Taranmış tel tel koyun yünlerini büyük, hasır rulolar içersinde taban darbeleri ve alın teri ile sıkıştırılıp, sıcak hamam ortamlarında sabunla pişirerek keçeleştiren solgun benizli, nahif yapılı keçeciler; dağdaki çobanının soğuk ve yağmur işlemez kepeneğini yüz yıllar boyu ürettiniz. Bir hamam sıcağı, bir soğuktaki meşakkatli mesleğiniz nerede ise hepinizi verem etti. Ama ölümünüz veremden olmadı, sentetik müflonlu parkalar yitirdi sizleri.
Belinizdeki bohçada bir kucak kara keçi kılı nasırlaşmış parmaklarınız arasından, bir çıkrık önünde ömür boyu hep geri geri giderek büküm büküm ip oldu. İpler yular oldular, heybe oldular, at örtüsü, yem torbası, neler neler oldular... Sonra bir gün naylon ip geldi “mertlik bozuldu”. Sizler de yok oldunuz… Adınız kaldı yadigâr Anadolu yollarında, yurdumun kamyonlarında kaporta üzerine “Mutaf” diye yazılı...

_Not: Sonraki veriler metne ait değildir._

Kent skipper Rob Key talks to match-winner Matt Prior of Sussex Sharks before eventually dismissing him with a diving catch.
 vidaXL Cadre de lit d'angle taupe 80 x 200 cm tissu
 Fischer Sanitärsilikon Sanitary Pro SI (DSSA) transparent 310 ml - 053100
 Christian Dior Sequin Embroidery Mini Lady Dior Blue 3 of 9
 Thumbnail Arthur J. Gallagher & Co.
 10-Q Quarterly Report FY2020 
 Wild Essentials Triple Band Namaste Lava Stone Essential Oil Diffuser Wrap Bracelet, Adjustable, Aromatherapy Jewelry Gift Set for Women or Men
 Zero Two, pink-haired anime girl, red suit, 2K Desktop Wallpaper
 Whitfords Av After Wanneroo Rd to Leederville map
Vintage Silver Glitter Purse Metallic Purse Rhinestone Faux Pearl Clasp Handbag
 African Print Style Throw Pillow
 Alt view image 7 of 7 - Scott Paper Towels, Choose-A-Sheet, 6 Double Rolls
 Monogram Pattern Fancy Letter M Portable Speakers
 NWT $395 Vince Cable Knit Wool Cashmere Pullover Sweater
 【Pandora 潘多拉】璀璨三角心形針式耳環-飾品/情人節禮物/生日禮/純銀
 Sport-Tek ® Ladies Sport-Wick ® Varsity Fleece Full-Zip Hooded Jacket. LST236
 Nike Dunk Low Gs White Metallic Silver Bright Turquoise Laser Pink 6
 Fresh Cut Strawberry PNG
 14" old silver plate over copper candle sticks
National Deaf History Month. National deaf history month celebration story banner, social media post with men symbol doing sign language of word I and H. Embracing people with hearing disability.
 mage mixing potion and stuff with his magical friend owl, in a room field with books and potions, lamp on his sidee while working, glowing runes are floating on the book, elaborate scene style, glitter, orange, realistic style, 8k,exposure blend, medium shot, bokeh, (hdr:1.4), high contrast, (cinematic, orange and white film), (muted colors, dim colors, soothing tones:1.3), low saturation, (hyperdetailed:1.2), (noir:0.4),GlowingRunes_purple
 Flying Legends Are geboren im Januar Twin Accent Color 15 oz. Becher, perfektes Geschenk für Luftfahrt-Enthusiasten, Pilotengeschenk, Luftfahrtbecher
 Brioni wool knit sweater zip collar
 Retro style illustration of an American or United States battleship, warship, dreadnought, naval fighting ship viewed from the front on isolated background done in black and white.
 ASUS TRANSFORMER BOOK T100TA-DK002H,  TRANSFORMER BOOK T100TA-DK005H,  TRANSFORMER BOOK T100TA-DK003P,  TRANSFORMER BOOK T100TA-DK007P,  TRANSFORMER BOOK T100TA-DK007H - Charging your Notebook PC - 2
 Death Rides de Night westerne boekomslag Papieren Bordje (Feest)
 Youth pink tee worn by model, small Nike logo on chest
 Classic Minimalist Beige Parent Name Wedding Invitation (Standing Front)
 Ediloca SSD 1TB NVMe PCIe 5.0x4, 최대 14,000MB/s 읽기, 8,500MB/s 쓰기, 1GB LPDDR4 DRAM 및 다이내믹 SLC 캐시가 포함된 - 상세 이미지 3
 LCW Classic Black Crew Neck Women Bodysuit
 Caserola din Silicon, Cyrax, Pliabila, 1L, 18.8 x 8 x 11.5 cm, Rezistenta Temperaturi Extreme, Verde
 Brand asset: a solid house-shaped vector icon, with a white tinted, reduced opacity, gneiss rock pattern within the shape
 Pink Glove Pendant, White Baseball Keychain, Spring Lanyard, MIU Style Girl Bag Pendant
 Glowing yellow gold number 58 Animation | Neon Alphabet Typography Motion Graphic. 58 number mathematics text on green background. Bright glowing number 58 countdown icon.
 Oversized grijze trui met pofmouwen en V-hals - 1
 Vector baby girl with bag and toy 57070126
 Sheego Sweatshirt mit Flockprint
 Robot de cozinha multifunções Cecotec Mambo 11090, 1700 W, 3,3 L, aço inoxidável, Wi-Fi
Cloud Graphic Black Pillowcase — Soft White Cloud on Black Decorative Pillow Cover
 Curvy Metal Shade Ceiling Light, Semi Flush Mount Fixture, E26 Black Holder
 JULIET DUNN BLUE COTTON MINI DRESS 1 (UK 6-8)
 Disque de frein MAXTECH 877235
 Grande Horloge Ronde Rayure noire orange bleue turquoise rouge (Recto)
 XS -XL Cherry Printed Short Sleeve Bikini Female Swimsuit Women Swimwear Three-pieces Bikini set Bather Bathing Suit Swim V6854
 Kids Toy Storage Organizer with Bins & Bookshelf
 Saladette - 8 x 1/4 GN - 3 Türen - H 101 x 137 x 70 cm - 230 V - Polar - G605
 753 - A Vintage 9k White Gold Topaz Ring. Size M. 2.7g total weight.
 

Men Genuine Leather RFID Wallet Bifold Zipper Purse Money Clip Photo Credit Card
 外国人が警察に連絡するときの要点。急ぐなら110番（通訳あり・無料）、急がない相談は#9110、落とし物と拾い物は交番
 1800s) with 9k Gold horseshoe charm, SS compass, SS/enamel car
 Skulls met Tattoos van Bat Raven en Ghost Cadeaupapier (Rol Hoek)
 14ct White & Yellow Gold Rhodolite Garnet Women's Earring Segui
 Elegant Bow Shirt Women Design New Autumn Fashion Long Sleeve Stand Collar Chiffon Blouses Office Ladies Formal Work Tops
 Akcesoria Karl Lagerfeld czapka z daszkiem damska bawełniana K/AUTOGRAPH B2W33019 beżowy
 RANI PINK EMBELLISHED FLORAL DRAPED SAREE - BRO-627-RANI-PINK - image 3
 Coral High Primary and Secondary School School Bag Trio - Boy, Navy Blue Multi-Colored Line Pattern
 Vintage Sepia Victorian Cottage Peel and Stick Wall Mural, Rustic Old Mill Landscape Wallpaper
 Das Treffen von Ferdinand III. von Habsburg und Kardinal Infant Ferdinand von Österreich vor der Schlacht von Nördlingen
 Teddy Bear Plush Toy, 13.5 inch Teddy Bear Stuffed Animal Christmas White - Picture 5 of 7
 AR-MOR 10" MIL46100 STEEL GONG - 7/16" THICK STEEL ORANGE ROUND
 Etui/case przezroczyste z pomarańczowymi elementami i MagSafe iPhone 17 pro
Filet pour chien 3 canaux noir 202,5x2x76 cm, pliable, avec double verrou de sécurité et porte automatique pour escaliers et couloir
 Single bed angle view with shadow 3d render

Sol elindeki kemane yardımı ile hareketlendirdiği küçük tornasında diğer eli ile kaplumbağa kabuklarında, kemikte, zeytin çekirdeğinde, ağaç kökünde kehribarda, taşlarda tane tane, sabır sabır ömür tüketen tespihçiler, ya sizleri anımsayan kaldı mı? En az yarısı eli tespihli ulusumuzun fertleri, ellerindeki hac yolu ile gelmiş uzak doğu üretimi tespihleri çekerken sizlere hiç fatiha okuyan var mı acep?
Gönül isterdi ki; meslek odaları, esnaf dernekleri, federasyonlar iş sarayları, gökdelenlere harcadıkları bütçelerinden bir küçük pay ayırıp, hiç olmazsa turistik illerin çarşılarında, yok olan meslek dallarının her birinden bir örneği yaşatsalar.